━━━━━ Data to examine ━━━━━
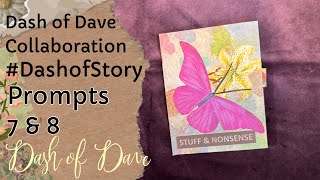 Dash of Dave & Dashers - The Collectors Tale, Collaboration - Prompts 7 & 8
Hello one and all, today I am working on the latest prompts from my own collaboration, The Collectors Tale Collaboration, in conjunction with my Dashers Design Team. This week I’m making the prompts for 7 & 8.
🎥 Thanks for Watching!
If you enjoyed this video, don’t forget to like, subscribe, and tap the bell to get notified when new videos go live.
💬 I love hearing from you—drop a comment below and I’ll always reply! Your interaction helps build our creative community and supports smaller channels like mine to grow. It also helps me shape future videos and projects just for you.
⸻
🧩 Explore My Digital Kits
Find my DigiKits and printable creations on ko-fi:
https://ko-fi.com/dash_of_dave
☕️ Support My Channel
If you’d like to buy me some craft supplies (and fuel more creative content), you can do so here:
💖 https://ko-fi.com/dash_of_dave
⸻
🌍 Stay Connected
📌 All my links in one place: https://linktr.ee/dashofdave
📧 Email: dash_of_dave@gmx.com Dash of Dave & Dashers - The Collectors Tale, Collaboration - Prompts 7 & 8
━━━━━
An exact copy of the data is required, with the pictures excluded.

 Dash of Dave & Dashers - The Collectors Tale, Collaboration - Prompts 7 & 8
Hello one and all, today I am working on the latest prompts from my own collaboration, The Collectors Tale Collaboration, in conjunction with my Dashers Design Team. This week I’m making the prompts for 7 & 8.
🎥 Thanks for Watching!
If you enjoyed this video, don’t forget to like, subscribe, and tap the bell to get notified when new videos go live.
💬 I love hearing from you—drop a comment below and I’ll always reply! Your interaction helps build our creative community and supports smaller channels like mine to grow. It also helps me shape future videos and projects just for you.
⸻
🧩 Explore My Digital Kits
Find my DigiKits and printable creations on ko-fi:
https://ko-fi.com/dash_of_dave
☕️ Support My Channel
If you’d like to buy me some craft supplies (and fuel more creative content), you can do so here:
💖 https://ko-fi.com/dash_of_dave
⸻
🌍 Stay Connected
📌 All my links in one place: https://linktr.ee/dashofdave
📧 Email: dash_of_dave@gmx.com Dash of Dave & Dashers - The Collectors Tale, Collaboration - Prompts 7 & 8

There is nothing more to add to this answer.